When mashup became a style
The history of mashup music can be traced back to the early days of recording, over 100 years ago. However, the practice of combining a vocal track with elements from different melodies only became popular in the 1970s and eventually perfected with the surge of electronic DJ artists in the 1990s.
The first artists to play mashup music were Bill Buchanan and Dickie Goodman with their 1956 hit “The Flying Saucer.” Their song included the outstanding narration of War of the Worlds by Orson Welles, which created a mass hysteria in 1938, and several musical snippets. The result was a strange assembly that inspired fear, laughter, parody, and mystery altogether. The name mashup was not in use at that time, so Buchanan and Goodman called their creation a “break-in” song, due to the way Welles’ voice broke the standard melody.
Frank Zappa’s revolution
Frank Zappa is widely known as an innovational artist that changed the way music is perceived today. The famous guitarist did not care for media attention, awards or fan admiration. His only goal was to create new ways of playing music with every single song. This is how he came up with an early form of mashup music, which he called xenochrony.
Zappa’s new inventions consisted of taking a guitar solo from one song and introduce it in a different melody. This practice created a mosaic-style that was hard to imitate by other artists, and it immediately gave him a revolutionary status.
The Pink Project
Electronic music played by DJs in front of mass audiences is a common thing today. However, 30 years ago this practice seemed highly improbable. In 1982, an Italian DJ by the name of Stefano Pulga decided to change this status quo and released an album of mashup songs under the name of The Pink Project.

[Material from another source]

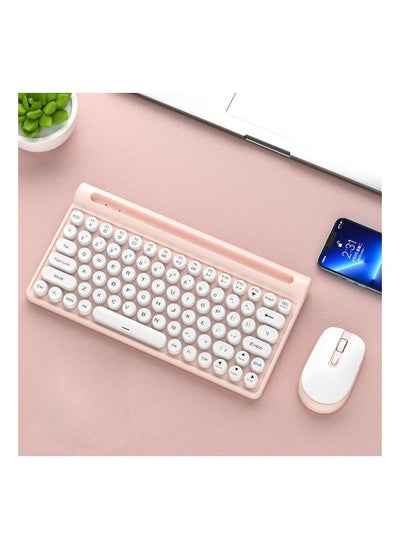 اشتري 2.4G اللاسلكية الماوس ولوحة المفاتيح مجموعة 78-Key Membrane Keyboard 1600dpi قابلة لإعادة الشحن كتم الصوت عبر الحدود دفعة (وردي) في الامارات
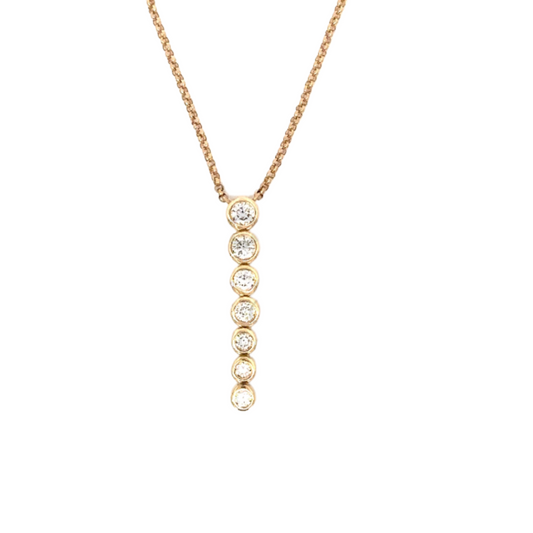 Y-Drop 7 Bezeled Diamond Necklace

The Pink Project included parts from Pink Floyd’s famous Another Brick in the Wall, combined with the instrumental track of The Alan Parson’s Project Mammagamma, and other musical snippets. Unknowingly, Pulga created a trend that would inspire future DJs and breathe life into a new musical genre.
The current state of mashup music
The 1990s were defined by the advent of electronic technology and its impact on music. Several genres like trance, house, and mashup became immensely popular. Artists that had spent the previous decade in complete anonymity were now enjoying mass publicity and gaining thousands of fans with every passing day.
Mashup music is prevalent today, and it owes its notoriety to the work of many DJs who used their creativity to create new songs from old melodies. This genre also opened the door to the music industry for artists who don’t possess a good singing voice or who are not very skilled at playing a traditional music instrument.